Coping with Tragedy during the Holidays

 In Families, Trauma

The holidays have arrived

It’s the time of year when gathering with family begins. The holidays are based on traditions, foods, and festivities that have been happening for generations. Unfortunately, the holidays sometimes come after tragedy, whether the death of a loved one or losing your home from a natural disaster.


As I explained to WTGS Fox28, Bottling up your feelings and acting as if the tragedy hasn’t occurred isn’t a healthy approach. Sure, it may be managing your emotions or doing the job at first, but it isn’t sustainable and in my experience the quicker you address something, the quicker a solution arrives. In this instance, the solution isn’t to change history but to process and cope with what has already happened.

No matter what the family tragedy, follow the four steps below to help manage yourself between Thanksgiving and the New Year.

Step 1: Acknowledge the elephant in the room. Acknowledge the event and how it makes you feel. Whether this is your first major holiday since Grandma’s passing, or you’re spending Thanksgiving away from your home because Hurricane Matthew destroyed it. It’s natural to feel upset, hurt, and even conflicting emotions. You may be happy to see a lot of your family while at the same time missing someone special. You may feel grateful you have a place to eat while at the same time feeling sad you’re not eating in your dining room.

Step 2: Accept what has happened. Acceptance isn’t the notion that you feel good about or view the tragedy positively.
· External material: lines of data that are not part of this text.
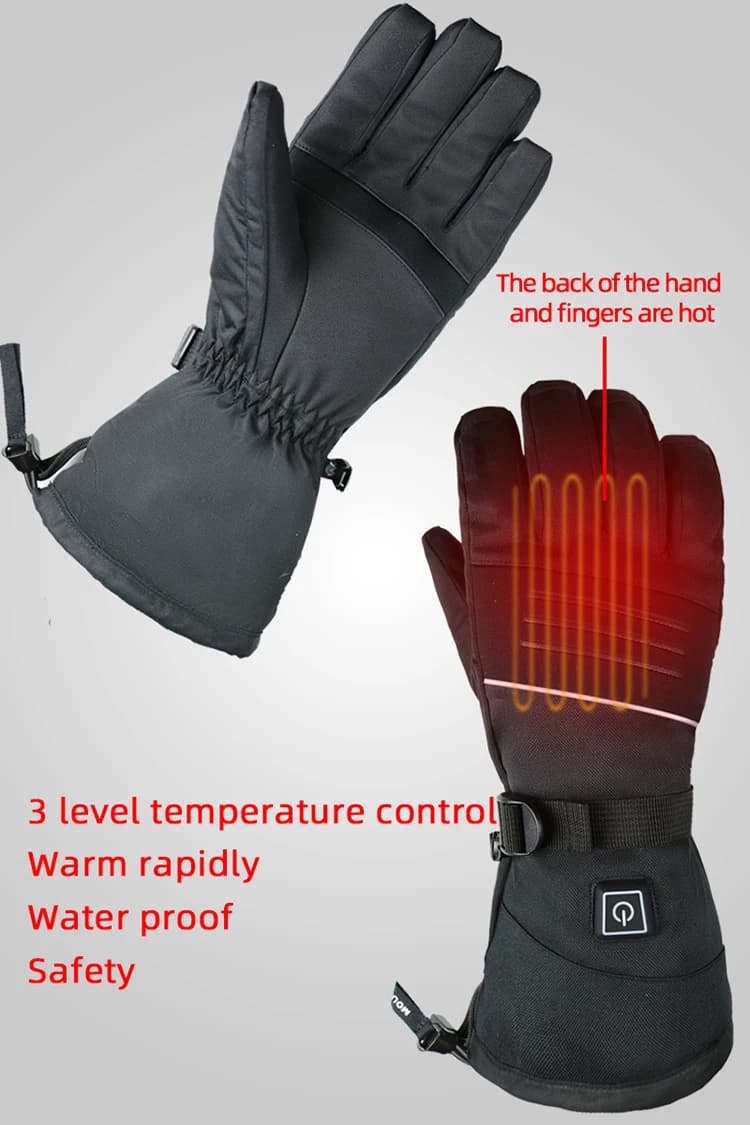 Guanti riscaldati elettrici per sci invernale con batteria USB, snowboard, moto, corsa, ciclismo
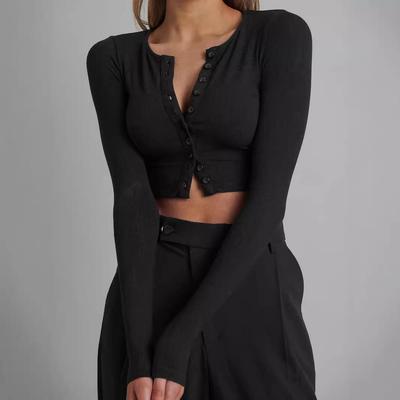 2023 Πλεκτή Ζακέτα Κοντή με Κουμπιά και Ριμπ Μανίκια - Φθινοπωρινή Ευρωπαϊκή & Αμερικανική Μόδα Γυναικείο Κοντό Τοπ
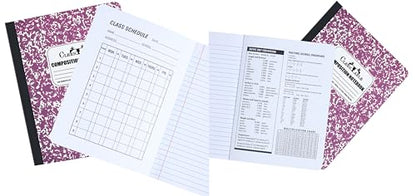 CLEENTABLE Composition Notebook 5 Pack, Wide Ruled Paper, Marble Cover Notebooks for School, 9.75 x 7.5 Inches, 100 Sheets (200 Pages), Sewn Binding Comp Books, Purple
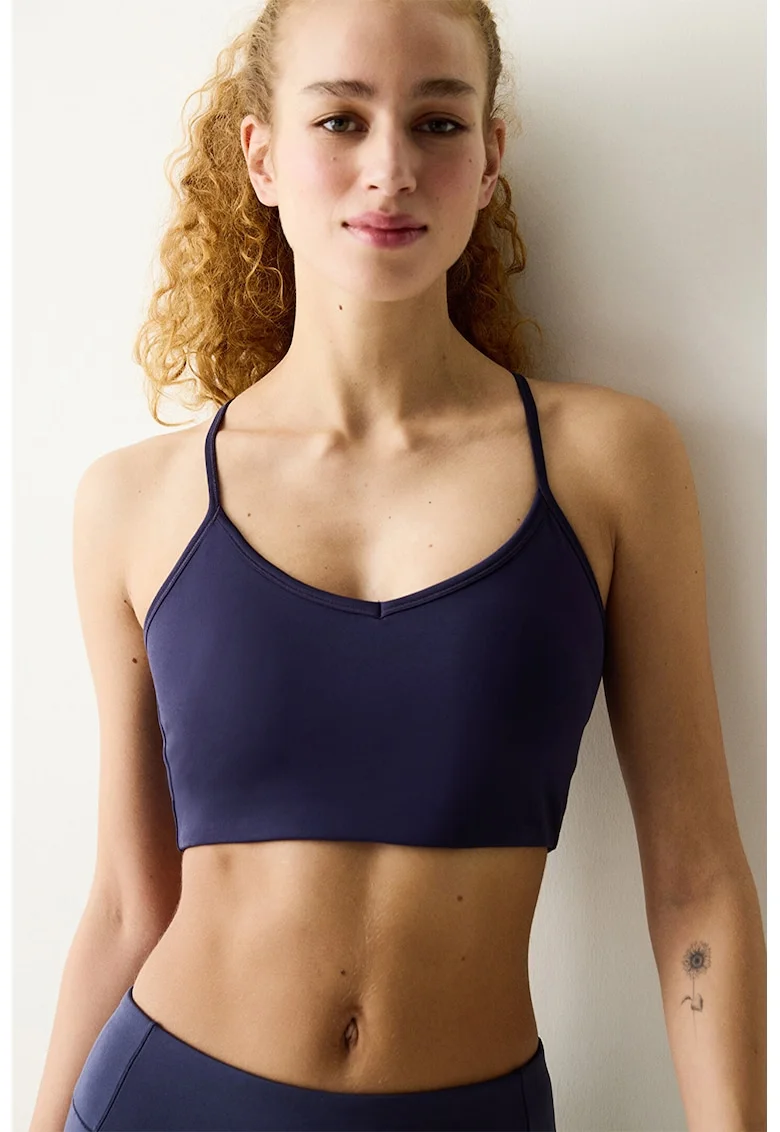 Top-bustiera cu model uni si decolteu racerback, Bleumarin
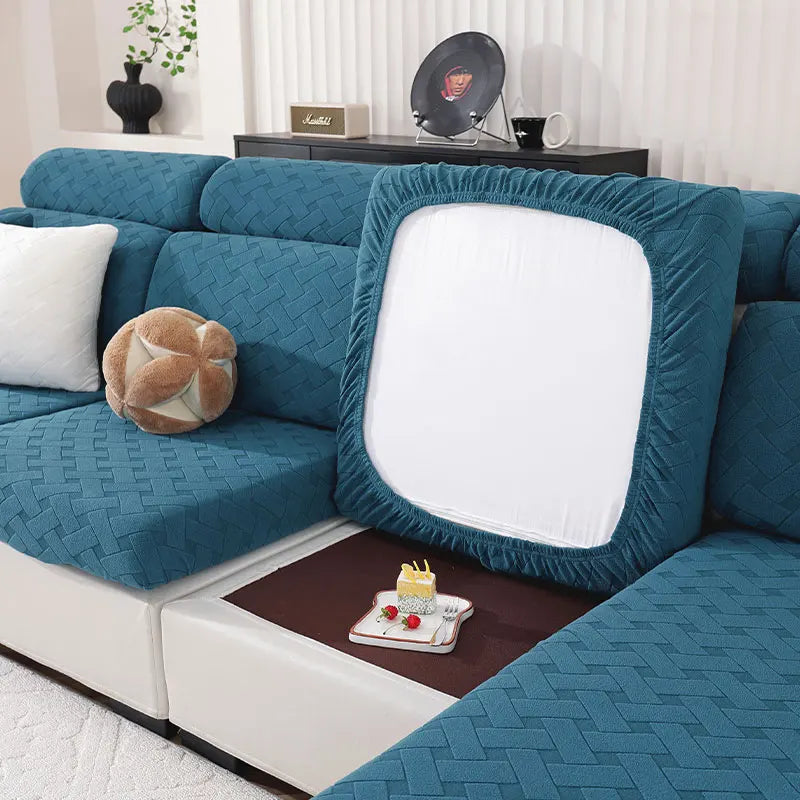 Solid-Color Interwoven Jacquard Sofa Cushion Covers Modular Sofa Set Removable Stretch Spandex Sofa Covers For Office Decor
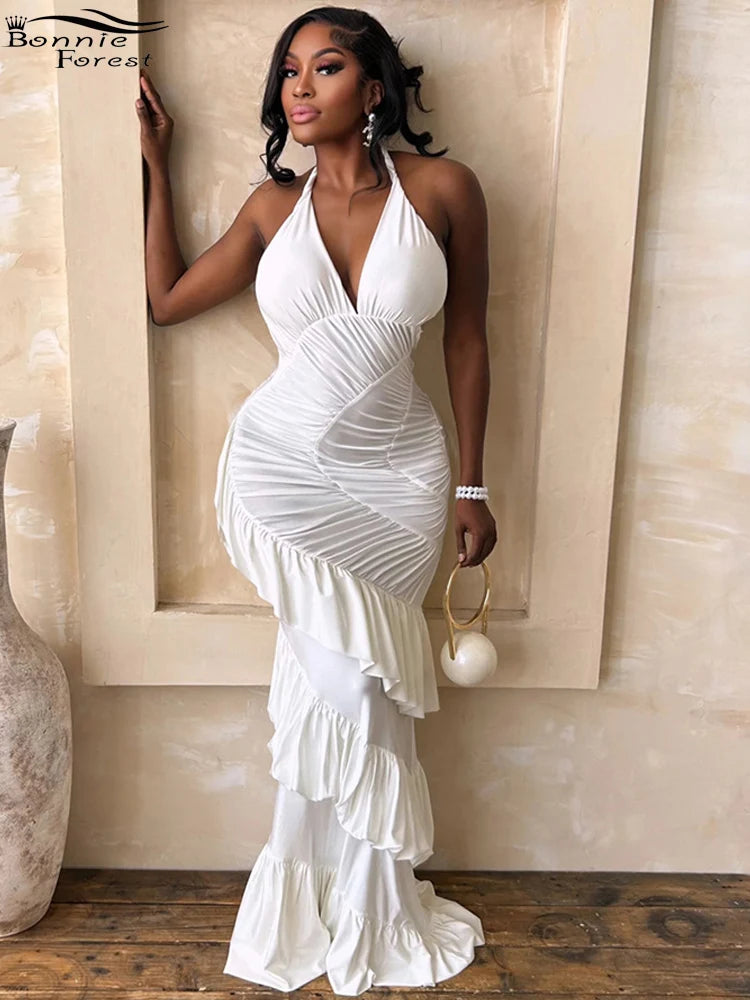 Halter V-Neck Ruched Mermaid Maxi Dress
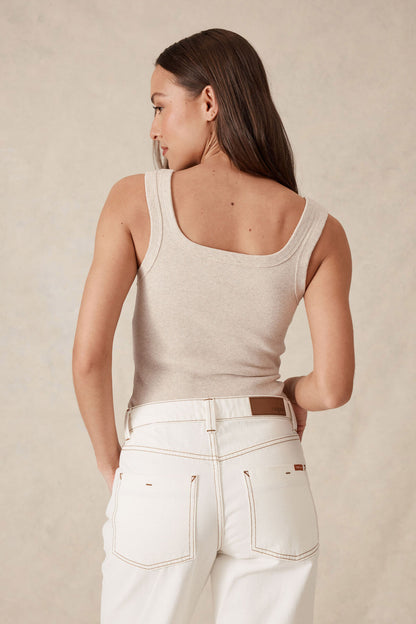 Ceres Zaeli Contour Rib Square Neck Tank Oatmeal Marle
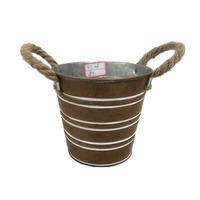 Fournitures pour Jardin et Maison Pots Ronds pour Plantes Grasses Poignées en Corde Décoration d'Intérieur Pot de Fleurs en Zinc Galvanisé Bac à Plantes Artificielles Vase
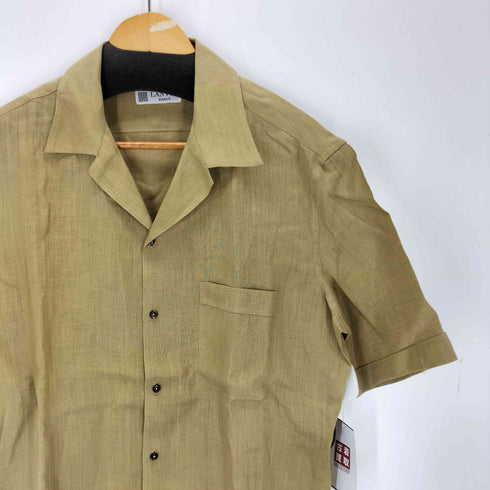 ランバンパリ LANVIN PARIS MADE IN ITALY リネン100% S/S開襟ボックスシャツ メンズ 41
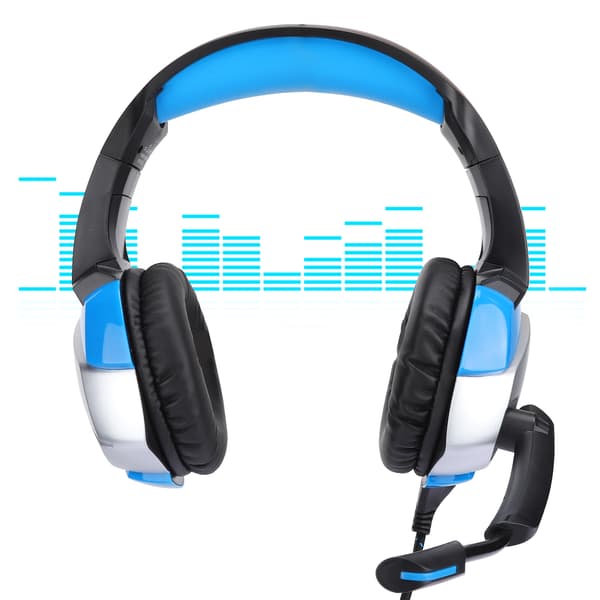 K5 Sort Blå ABS Gaming Headset Lysende Hovedtelefon med Mikrofon til Mobiltelefon ComputerSort Blå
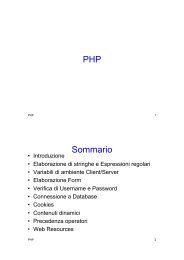 PHP Sommario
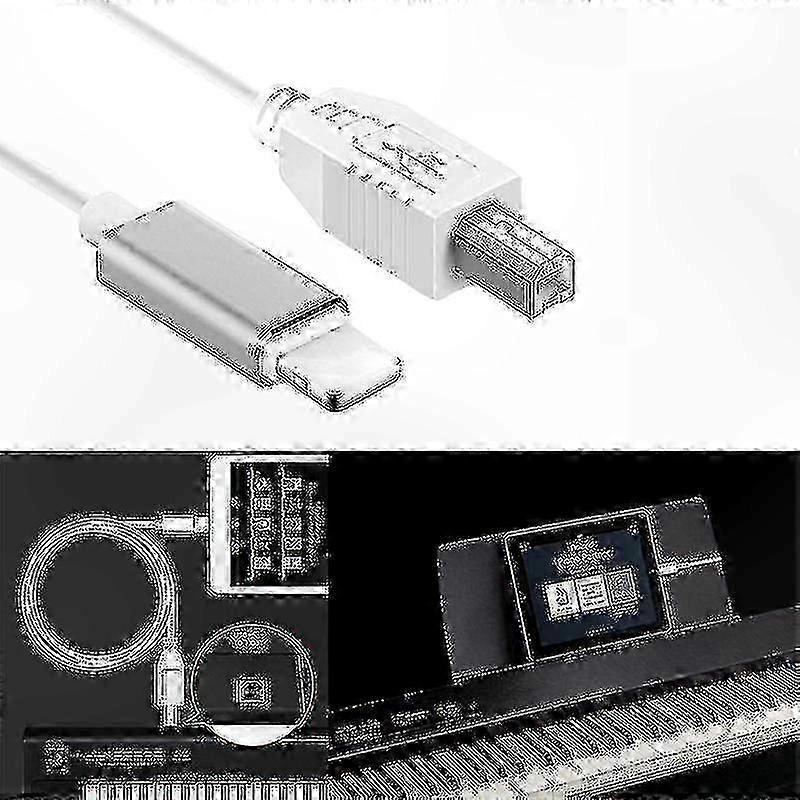 USB 2.0 Type-B to Lightning Cable for MIDI Keyboard Connection Adapter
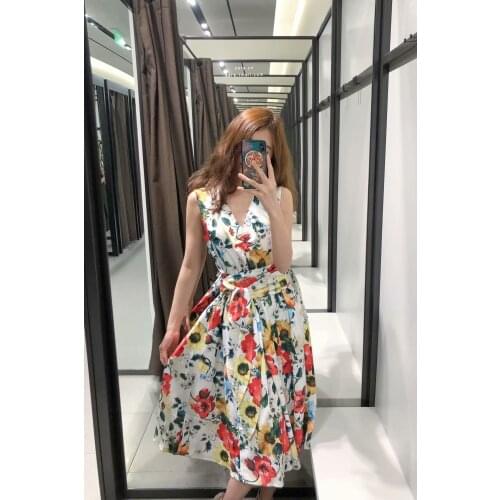 Garden print sleeveless dress with deep V-neck belt French MIDI skirt holiday skirt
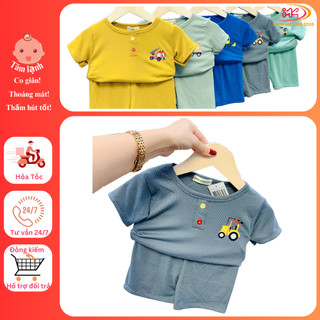 MK490 (8-18KG) Bộ áo cộc tay quần cộc phối cúc in hình cho bé chất thun tăm lạnh mỏng mềm, mát cho bé dưới 4 tuổi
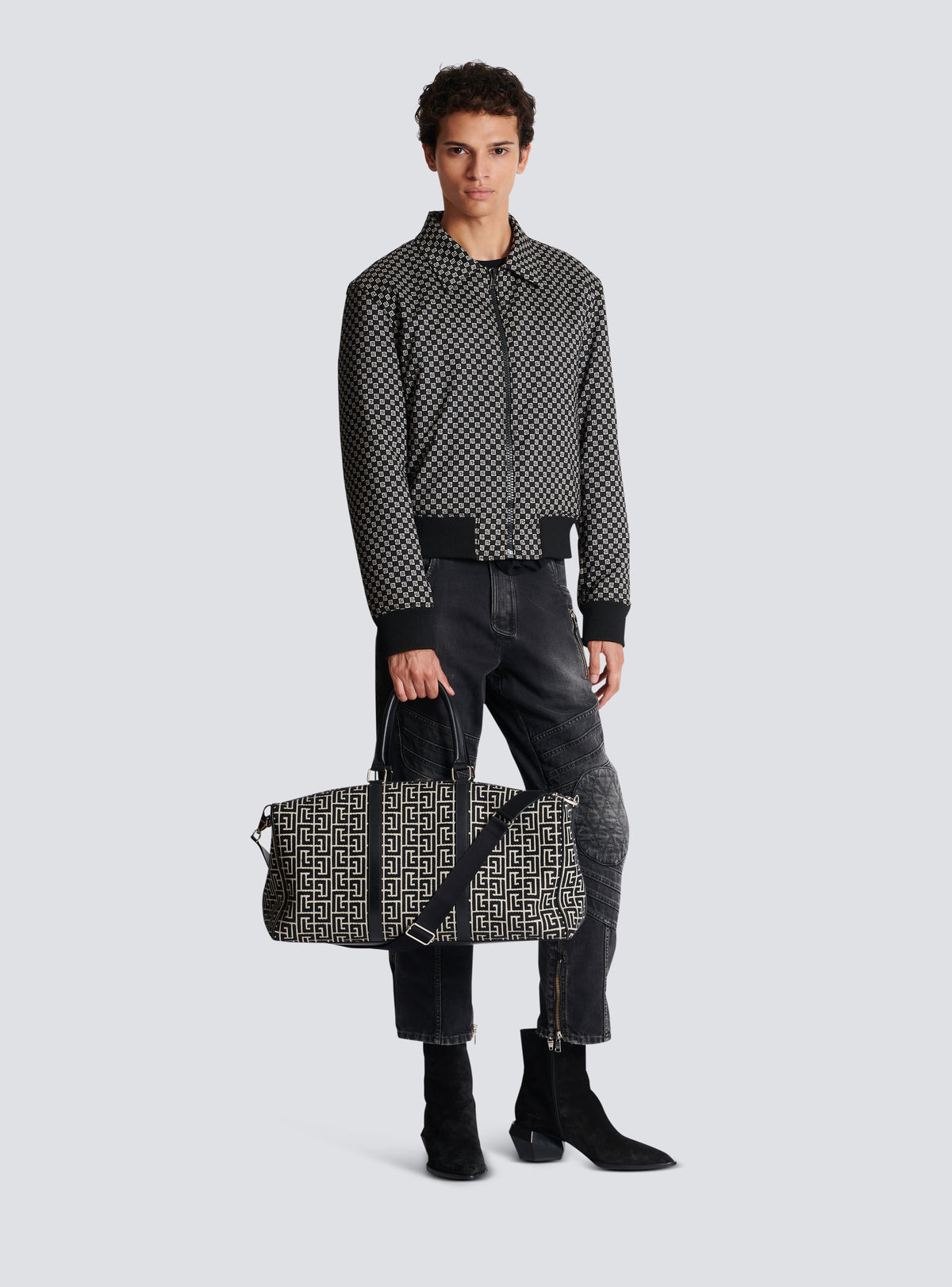 Sac de voyage en jacquard maxi monogramme - Ivoire & Noir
Instead, it’s the idea that you’re acknowledging the event occurred, and that although you are powerless in changing the event, you have great power in how you process it.

Step 3: Sharing memories of old. Once you have accepted the past, you can enjoy with your family and friends the positive memories from before the tragedy. This may include sharing the fantastic and captivating stories your grandfather used to tell, or how he used to always wear sweater vests and dress to impress. Or maybe you express how much joy it brought you to measure your children’s height on their doorframe every year, or that annual family party you threw in your backyard. Whatever the tragedy, remember the positive impact they or it had on your life and share that.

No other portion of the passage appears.